Beck was recruited to play at Kentucky after scoring 1,549 points and leading his team to win two state titles at Fort Valley High School. Beck was named team captain by head coach Adolph Rupp going into his senior season after scoring 259 points and grabbing 380 rebounds as a junior. As a senior, Beck scored 163 points and had 337 rebounds in 29 games and was named Southeastern Conference (SEC) Defensive Player of the Year. Beck finished his college career with 459 points scored (5.6 per game) and 783 rebounds (10.0 per game) in 78 total games.

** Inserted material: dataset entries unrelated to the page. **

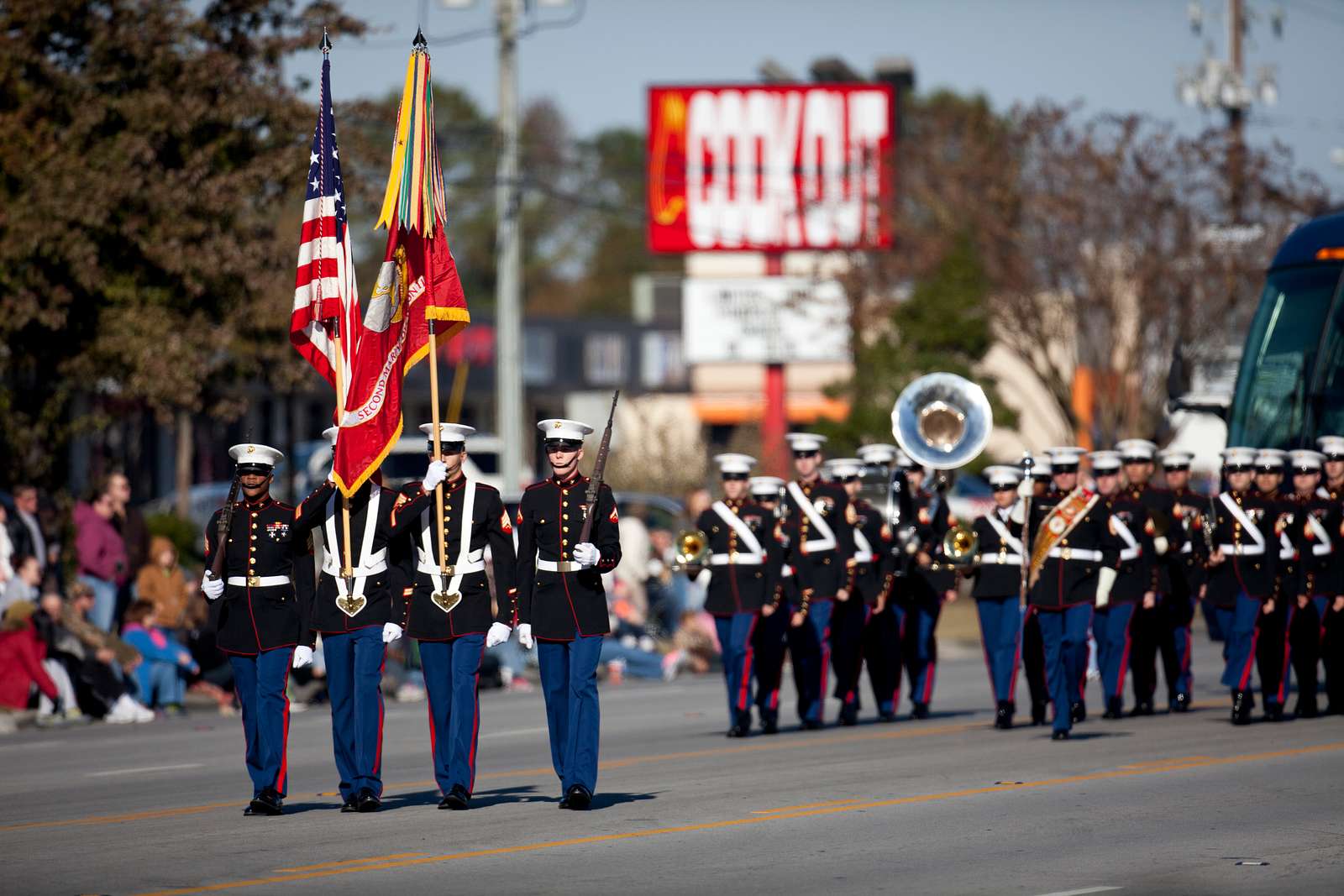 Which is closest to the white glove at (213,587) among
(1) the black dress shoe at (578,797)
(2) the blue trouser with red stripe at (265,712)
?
(2) the blue trouser with red stripe at (265,712)

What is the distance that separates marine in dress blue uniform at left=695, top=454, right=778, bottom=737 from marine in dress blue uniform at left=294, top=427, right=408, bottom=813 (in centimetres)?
484

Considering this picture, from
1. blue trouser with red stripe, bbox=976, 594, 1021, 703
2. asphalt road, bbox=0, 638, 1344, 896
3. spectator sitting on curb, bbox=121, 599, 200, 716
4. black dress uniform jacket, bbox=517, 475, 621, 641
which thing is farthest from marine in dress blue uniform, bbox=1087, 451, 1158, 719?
spectator sitting on curb, bbox=121, 599, 200, 716

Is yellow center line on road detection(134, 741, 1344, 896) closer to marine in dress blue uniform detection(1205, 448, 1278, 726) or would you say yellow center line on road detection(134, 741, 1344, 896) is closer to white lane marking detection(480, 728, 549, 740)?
marine in dress blue uniform detection(1205, 448, 1278, 726)

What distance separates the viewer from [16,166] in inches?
846

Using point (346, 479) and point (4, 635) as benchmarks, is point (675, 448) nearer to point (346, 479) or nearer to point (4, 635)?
point (4, 635)

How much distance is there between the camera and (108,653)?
19.3 m

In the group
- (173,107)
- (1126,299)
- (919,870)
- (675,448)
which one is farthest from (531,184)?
(919,870)

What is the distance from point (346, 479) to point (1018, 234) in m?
24.0

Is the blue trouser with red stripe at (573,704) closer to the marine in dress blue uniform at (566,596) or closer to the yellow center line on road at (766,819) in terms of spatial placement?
the marine in dress blue uniform at (566,596)

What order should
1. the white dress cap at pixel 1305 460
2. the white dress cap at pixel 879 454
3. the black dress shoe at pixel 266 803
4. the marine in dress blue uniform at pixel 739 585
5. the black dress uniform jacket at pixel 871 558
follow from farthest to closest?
the white dress cap at pixel 879 454, the black dress uniform jacket at pixel 871 558, the white dress cap at pixel 1305 460, the marine in dress blue uniform at pixel 739 585, the black dress shoe at pixel 266 803

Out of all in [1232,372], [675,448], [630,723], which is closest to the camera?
[630,723]

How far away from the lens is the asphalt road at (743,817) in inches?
387

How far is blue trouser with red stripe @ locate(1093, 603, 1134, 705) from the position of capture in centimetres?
1738

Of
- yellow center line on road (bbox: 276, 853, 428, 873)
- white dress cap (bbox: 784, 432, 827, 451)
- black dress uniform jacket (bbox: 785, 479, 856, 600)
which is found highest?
white dress cap (bbox: 784, 432, 827, 451) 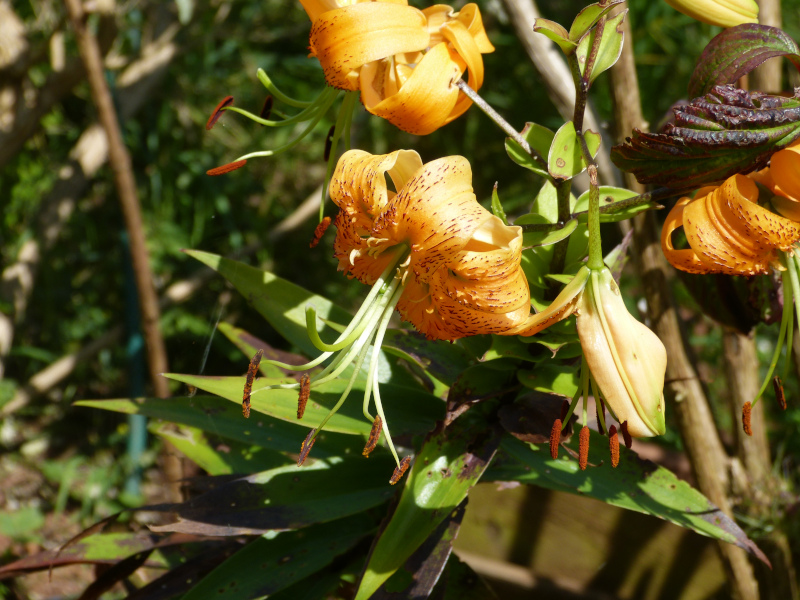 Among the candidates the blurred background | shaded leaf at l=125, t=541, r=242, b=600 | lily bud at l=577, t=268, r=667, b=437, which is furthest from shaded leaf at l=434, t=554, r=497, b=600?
the blurred background

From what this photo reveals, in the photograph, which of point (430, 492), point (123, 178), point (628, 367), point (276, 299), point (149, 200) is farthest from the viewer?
point (149, 200)

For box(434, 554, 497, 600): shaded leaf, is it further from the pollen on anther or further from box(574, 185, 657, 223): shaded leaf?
box(574, 185, 657, 223): shaded leaf

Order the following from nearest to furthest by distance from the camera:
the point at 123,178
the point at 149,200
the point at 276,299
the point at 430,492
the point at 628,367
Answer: the point at 628,367, the point at 430,492, the point at 276,299, the point at 123,178, the point at 149,200

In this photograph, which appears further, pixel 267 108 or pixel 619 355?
pixel 267 108

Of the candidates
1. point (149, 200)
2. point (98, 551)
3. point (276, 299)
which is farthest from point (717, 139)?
point (149, 200)

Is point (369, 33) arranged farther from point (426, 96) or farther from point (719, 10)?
point (719, 10) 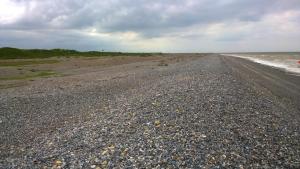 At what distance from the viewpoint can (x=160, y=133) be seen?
11469 mm

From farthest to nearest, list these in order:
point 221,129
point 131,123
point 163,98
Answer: point 163,98 < point 131,123 < point 221,129

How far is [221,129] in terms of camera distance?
1183 centimetres

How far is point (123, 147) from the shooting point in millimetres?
10484

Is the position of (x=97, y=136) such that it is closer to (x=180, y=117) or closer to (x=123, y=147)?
(x=123, y=147)

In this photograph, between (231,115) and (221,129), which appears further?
(231,115)

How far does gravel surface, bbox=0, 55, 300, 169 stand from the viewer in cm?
962

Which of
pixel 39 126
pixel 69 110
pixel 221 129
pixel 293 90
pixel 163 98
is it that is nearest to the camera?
pixel 221 129

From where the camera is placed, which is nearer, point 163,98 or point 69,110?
point 163,98

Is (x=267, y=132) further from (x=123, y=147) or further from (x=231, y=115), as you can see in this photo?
(x=123, y=147)

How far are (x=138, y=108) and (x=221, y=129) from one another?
16.0 ft

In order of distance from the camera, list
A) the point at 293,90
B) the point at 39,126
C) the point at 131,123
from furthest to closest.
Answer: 1. the point at 293,90
2. the point at 39,126
3. the point at 131,123

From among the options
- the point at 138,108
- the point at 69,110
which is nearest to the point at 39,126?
the point at 69,110

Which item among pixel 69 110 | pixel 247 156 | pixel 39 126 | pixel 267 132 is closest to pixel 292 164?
pixel 247 156

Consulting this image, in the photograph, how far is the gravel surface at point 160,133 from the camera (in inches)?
379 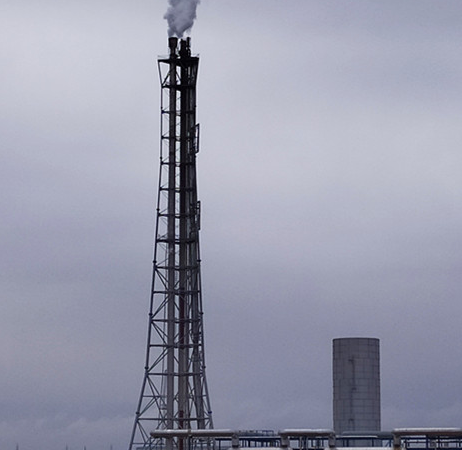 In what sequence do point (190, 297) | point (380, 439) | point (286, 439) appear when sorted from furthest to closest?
point (190, 297) → point (380, 439) → point (286, 439)

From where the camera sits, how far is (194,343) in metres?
94.4

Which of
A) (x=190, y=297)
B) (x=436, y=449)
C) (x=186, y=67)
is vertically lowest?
(x=436, y=449)

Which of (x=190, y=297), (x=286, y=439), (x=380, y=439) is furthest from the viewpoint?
(x=190, y=297)

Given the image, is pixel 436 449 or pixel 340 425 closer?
pixel 436 449

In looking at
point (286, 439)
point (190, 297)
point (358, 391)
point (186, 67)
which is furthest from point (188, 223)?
point (286, 439)

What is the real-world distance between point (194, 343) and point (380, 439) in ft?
50.2

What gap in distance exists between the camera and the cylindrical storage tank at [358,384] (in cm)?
9619

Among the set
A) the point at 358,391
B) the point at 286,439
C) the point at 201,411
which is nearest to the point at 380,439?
the point at 358,391

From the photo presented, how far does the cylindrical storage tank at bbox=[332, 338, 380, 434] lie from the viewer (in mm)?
96188

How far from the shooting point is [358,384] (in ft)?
316

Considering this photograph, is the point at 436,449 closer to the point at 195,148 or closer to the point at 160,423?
the point at 160,423

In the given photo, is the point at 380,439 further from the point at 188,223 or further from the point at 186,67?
the point at 186,67

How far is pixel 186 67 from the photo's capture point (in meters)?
96.5

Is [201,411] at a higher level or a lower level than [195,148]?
lower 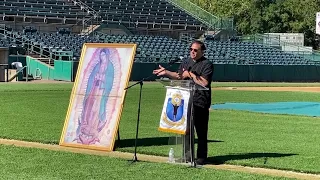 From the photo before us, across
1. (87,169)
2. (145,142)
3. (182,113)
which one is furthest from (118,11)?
(87,169)

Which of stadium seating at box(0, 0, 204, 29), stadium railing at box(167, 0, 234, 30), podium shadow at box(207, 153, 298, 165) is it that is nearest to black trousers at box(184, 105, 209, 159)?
podium shadow at box(207, 153, 298, 165)

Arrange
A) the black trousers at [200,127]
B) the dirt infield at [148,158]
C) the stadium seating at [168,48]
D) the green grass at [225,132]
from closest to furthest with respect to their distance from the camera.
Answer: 1. the dirt infield at [148,158]
2. the black trousers at [200,127]
3. the green grass at [225,132]
4. the stadium seating at [168,48]

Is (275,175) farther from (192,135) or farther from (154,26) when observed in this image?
(154,26)

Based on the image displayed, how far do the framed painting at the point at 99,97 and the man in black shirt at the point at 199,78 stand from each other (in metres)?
1.46

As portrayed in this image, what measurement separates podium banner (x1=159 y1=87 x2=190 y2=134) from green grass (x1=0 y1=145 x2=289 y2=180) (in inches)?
23.9

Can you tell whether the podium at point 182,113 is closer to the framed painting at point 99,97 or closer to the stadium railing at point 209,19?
the framed painting at point 99,97

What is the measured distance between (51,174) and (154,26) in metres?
49.1

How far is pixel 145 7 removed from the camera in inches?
2338

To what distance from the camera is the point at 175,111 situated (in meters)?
8.88

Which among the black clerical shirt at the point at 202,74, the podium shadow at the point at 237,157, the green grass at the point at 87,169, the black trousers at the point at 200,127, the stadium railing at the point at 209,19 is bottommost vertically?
the podium shadow at the point at 237,157

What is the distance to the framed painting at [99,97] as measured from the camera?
1006 cm

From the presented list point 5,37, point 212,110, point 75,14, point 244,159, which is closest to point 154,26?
point 75,14

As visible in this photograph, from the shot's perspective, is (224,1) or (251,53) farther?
(224,1)

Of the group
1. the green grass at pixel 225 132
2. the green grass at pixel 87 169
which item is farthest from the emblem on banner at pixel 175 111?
the green grass at pixel 225 132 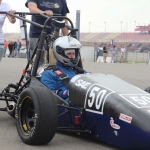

After his collegiate career ended Beck opted not to play professionally, turning down a contract from the New York Knicks. He decided to pursue a career in ministry and became an ordained Methodist minister after graduating from the Candler School of Theology at Emory University. He died on October 16, 2019, in Sun City, Arizona, at the age of 83.